*** Opening Listed records ***

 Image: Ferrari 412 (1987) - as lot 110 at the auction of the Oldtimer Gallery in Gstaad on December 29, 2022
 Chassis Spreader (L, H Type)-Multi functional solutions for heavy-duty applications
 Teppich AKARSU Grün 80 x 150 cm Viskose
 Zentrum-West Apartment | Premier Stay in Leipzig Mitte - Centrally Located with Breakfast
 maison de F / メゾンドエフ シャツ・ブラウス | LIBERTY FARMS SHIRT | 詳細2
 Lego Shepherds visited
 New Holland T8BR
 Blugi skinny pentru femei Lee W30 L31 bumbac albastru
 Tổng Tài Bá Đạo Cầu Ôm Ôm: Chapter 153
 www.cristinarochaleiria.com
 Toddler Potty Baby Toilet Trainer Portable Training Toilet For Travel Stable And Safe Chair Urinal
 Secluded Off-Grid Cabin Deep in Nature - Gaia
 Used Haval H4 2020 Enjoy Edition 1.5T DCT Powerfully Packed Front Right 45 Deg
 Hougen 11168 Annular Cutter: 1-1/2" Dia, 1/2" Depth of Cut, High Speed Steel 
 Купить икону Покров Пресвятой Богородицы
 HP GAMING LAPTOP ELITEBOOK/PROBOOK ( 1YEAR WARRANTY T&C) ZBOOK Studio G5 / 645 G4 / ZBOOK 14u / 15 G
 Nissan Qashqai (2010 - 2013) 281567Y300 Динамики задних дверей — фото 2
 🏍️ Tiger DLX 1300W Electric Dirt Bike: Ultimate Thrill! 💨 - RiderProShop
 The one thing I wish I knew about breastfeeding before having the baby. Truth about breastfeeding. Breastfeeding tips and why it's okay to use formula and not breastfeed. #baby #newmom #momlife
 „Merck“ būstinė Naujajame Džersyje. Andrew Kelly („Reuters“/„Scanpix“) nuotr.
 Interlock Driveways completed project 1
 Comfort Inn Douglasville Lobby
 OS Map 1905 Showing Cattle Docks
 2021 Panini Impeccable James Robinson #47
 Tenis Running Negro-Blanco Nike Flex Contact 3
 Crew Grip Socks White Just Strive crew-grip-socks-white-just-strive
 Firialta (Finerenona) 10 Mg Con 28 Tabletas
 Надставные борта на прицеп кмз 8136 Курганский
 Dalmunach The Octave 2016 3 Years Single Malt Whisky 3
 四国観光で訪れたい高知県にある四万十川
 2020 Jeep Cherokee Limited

*** Closing Listed records ***

> [Activity]:
Output the entries above word for word.

> [The answer]:
 Image: Ferrari 412 (1987) - as lot 110 at the auction of the Oldtimer Gallery in Gstaad on December 29, 2022
 Chassis Spreader (L, H Type)-Multi functional solutions for heavy-duty applications
 Teppich AKARSU Grün 80 x 150 cm Viskose
 Zentrum-West Apartment | Premier Stay in Leipzig Mitte - Centrally Located with Breakfast
 maison de F / メゾンドエフ シャツ・ブラウス | LIBERTY FARMS SHIRT | 詳細2
 Lego Shepherds visited
 New Holland T8BR
 Blugi skinny pentru femei Lee W30 L31 bumbac albastru
 Tổng Tài Bá Đạo Cầu Ôm Ôm: Chapter 153
 www.cristinarochaleiria.com
 Toddler Potty Baby Toilet Trainer Portable Training Toilet For Travel Stable And Safe Chair Urinal
 Secluded Off-Grid Cabin Deep in Nature - Gaia
 Used Haval H4 2020 Enjoy Edition 1.5T DCT Powerfully Packed Front Right 45 Deg
 Hougen 11168 Annular Cutter: 1-1/2" Dia, 1/2" Depth of Cut, High Speed Steel 
 Купить икону Покров Пресвятой Богородицы
 HP GAMING LAPTOP ELITEBOOK/PROBOOK ( 1YEAR WARRANTY T&C) ZBOOK Studio G5 / 645 G4 / ZBOOK 14u / 15 G
 Nissan Qashqai (2010 - 2013) 281567Y300 Динамики задних дверей — фото 2
 🏍️ Tiger DLX 1300W Electric Dirt Bike: Ultimate Thrill! 💨 - RiderProShop
 The one thing I wish I knew about breastfeeding before having the baby. Truth about breastfeeding. Breastfeeding tips and why it's okay to use formula and not breastfeed. #baby #newmom #momlife
 „Merck“ būstinė Naujajame Džersyje. Andrew Kelly („Reuters“/„Scanpix“) nuotr.
 Interlock Driveways completed project 1
 Comfort Inn Douglasville Lobby
 OS Map 1905 Showing Cattle Docks
 2021 Panini Impeccable James Robinson #47
 Tenis Running Negro-Blanco Nike Flex Contact 3
 Crew Grip Socks White Just Strive crew-grip-socks-white-just-strive
 Firialta (Finerenona) 10 Mg Con 28 Tabletas
 Надставные борта на прицеп кмз 8136 Курганский
 Dalmunach The Octave 2016 3 Years Single Malt Whisky 3
 四国観光で訪れたい高知県にある四万十川
 2020 Jeep Cherokee Limited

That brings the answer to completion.